I have come at the end of the day, and there is next to nothing left in the display. A steady stream of customers comes in, each on asks for something the shop's already run out of, and most people leave empty-handed. I say 'ask', but to me it sounds like they demand, but this is just a cultural difference that I've not got over yet. Italians don't use as many 'please's and 'thank-you's as perhaps we do in English. Ordering a coffee, you say "a coffee", rather than what I say: "Please can I have a coffee, thank you very much" - I end up sounding excessively polite here.
The lady behind the counter manages to keep up an unbroken phone conversation for the hour that I'm there, despite all those pesky customers. When she finally rings off, it's time to close the blinds and shut up the shop for the long lunch-break. She shows me the bakery, which is long and low, with a small white-enameled oven at each end, and the ready-weighed flour sitting in the bowls of the mixers for tomorrow morning. The workshop also produces filled fresh pasta in the Bolognese tradition, and biscuits whose buttery perfume still lingers deliciously.

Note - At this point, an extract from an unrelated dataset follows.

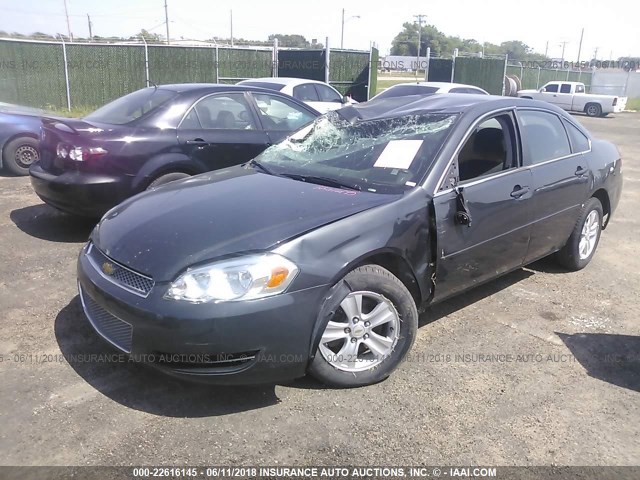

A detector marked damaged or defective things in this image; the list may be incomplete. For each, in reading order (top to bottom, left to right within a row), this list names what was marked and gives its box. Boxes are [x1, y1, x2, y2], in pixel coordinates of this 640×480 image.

The shop itself looks like it's been gutted. I ask whether it was all sold today. "No, there's just no point in filling the shelves any more. Up to about three years ago, people would come here for their flour, oil, vanilla and baking powder as well as bread, but now there are three big supermarkets close-by and no point in even trying to keep up with them." She tells me that they're going to take out the empty shelves and put up big photos of the shop dating from when it was the booming family-run business it used to be. I wonder what the Sorelle Simili would think of this, let alone what purpose it would serve.